YOUR TASK: The answer must be an exact copy of the entries that follow, with all images removed.

Dataset entries:
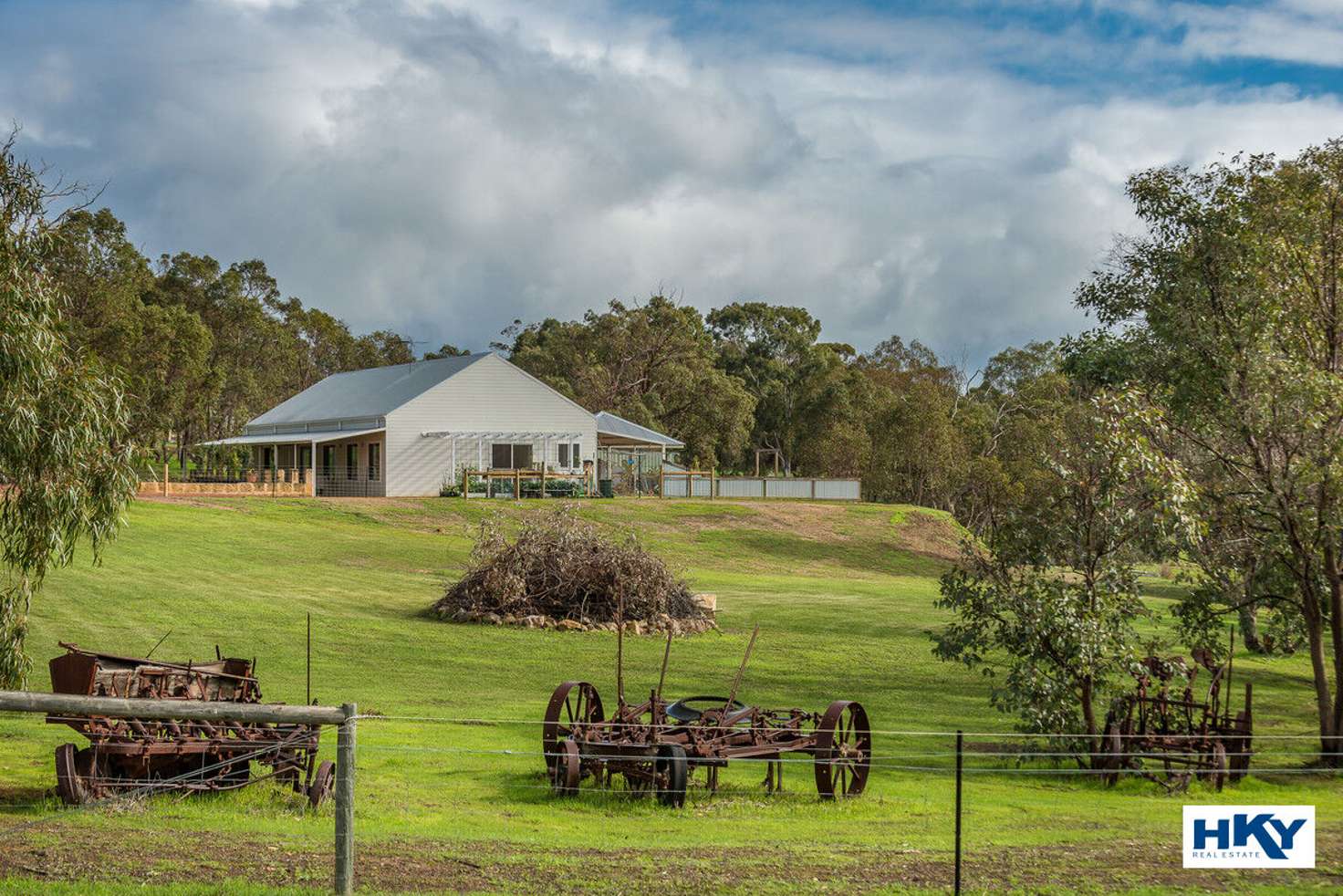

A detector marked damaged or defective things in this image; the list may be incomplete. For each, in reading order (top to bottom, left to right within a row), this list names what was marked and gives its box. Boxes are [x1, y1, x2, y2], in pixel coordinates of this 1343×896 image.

rusty farm equipment [47, 642, 336, 810]
rusty farm equipment [540, 628, 876, 810]
rusty farm equipment [1095, 631, 1255, 792]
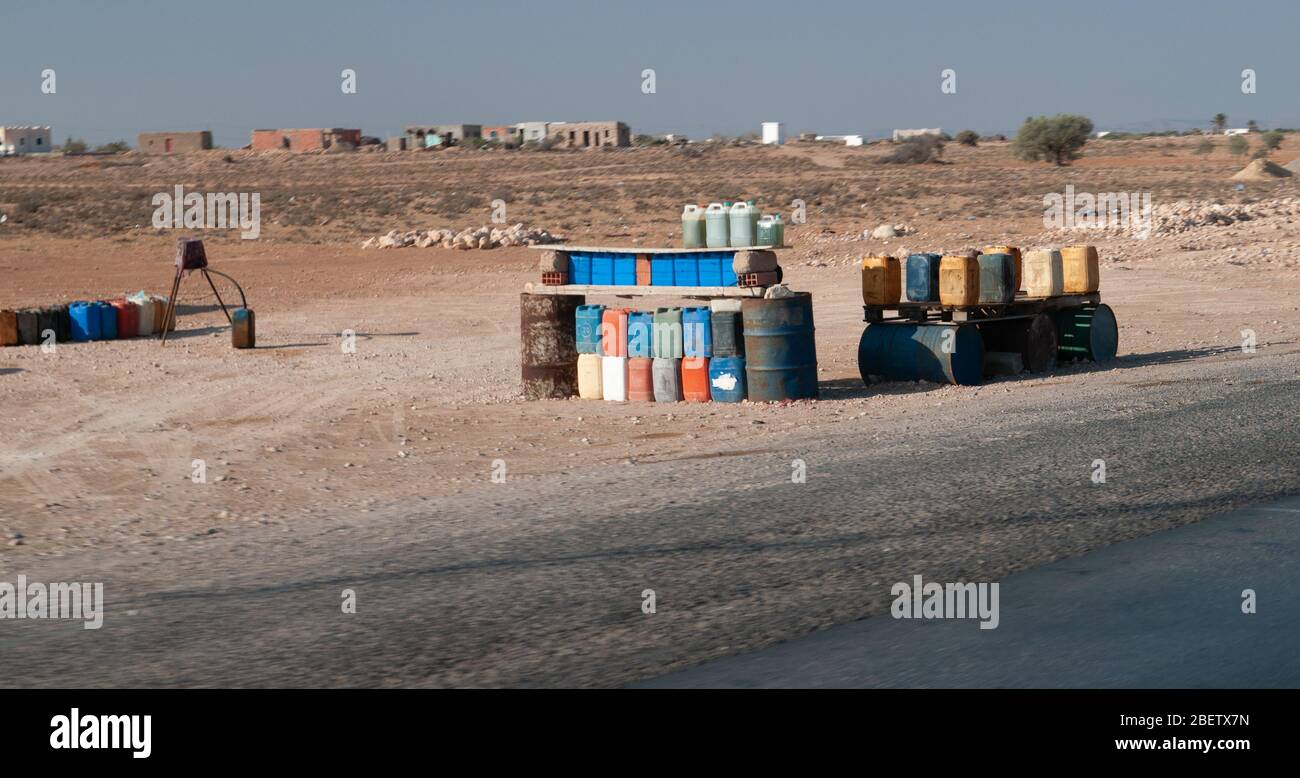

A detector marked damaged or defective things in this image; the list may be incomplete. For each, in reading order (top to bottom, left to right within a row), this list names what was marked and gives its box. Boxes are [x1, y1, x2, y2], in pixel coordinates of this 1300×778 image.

rusty metal barrel [522, 294, 585, 403]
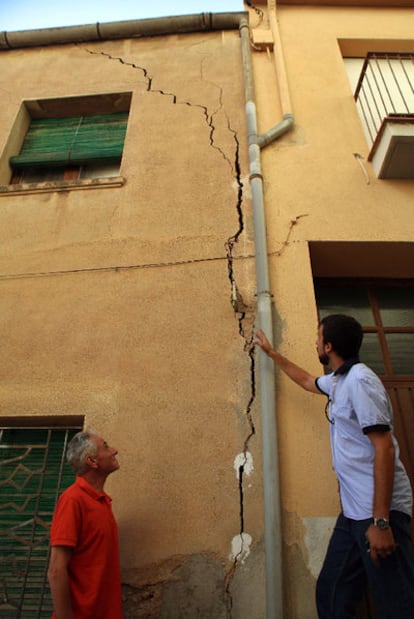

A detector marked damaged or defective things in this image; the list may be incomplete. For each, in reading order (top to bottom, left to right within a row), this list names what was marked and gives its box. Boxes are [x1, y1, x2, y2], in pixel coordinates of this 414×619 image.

large crack in wall [82, 41, 258, 616]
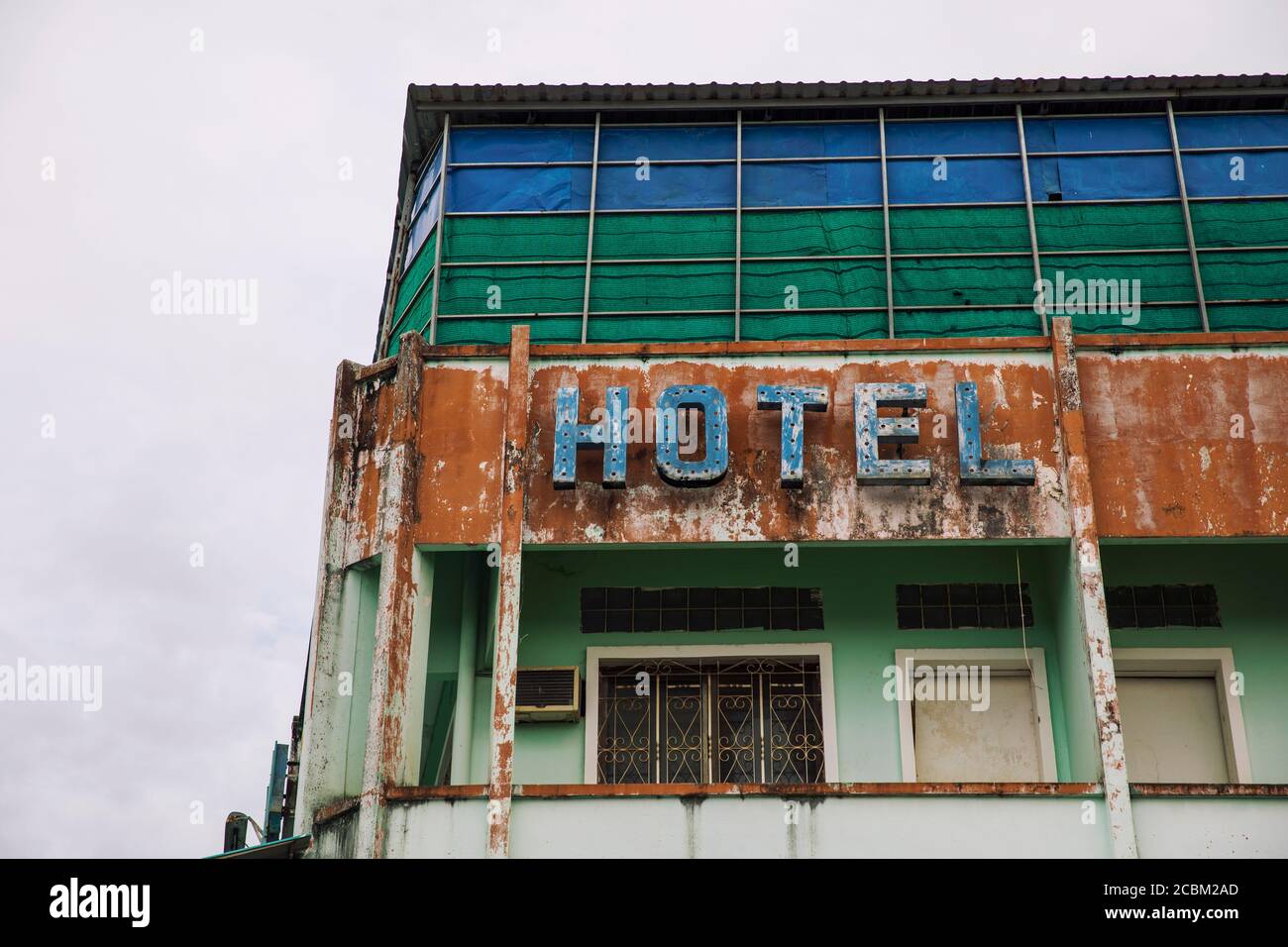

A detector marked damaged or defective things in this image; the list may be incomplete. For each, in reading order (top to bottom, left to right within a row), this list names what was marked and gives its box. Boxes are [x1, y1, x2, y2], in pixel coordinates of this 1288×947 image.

RESPONSE TO THIS EXERCISE:
A detector marked damaged or defective things in this image; the list may be incomplete. For each, in reading order (top to bottom, left to right within a row), this list names what was marked and gives its box. Boxes are [x1, y1, x2, y2], in pixel coordinates of this 1343×896 image.

rusty farm equipment [47, 642, 336, 810]
rusty farm equipment [540, 628, 876, 810]
rusty farm equipment [1095, 631, 1255, 792]

A detector marked damaged or defective things in this image; the list may be incomplete. For each, in reading order (top to bottom, left to right within a row), this list names what was marked and gives its box. Boxes are [x1, y1, x2, y2], in pixel coordinates of this 1300×778 image.

rusty metal barrel [522, 294, 585, 403]

A detector marked damaged or defective things in this image; the list may be incomplete. For each, in reading order (top to bottom, left to right within a row), this list names what was marked and gives its box. Boxes are [x1, y1, x2, y2], in pixel coordinates of this 414×619 image.

large crack in wall [82, 41, 258, 616]

A detector marked damaged or defective things in this image; the list may be incomplete. For each, in reading order (top to bottom, left to right within a row), this list names what was marked and gives its box. Boxes are [x1, y1, x2, y2], in pixel coordinates of this 1288×947 image.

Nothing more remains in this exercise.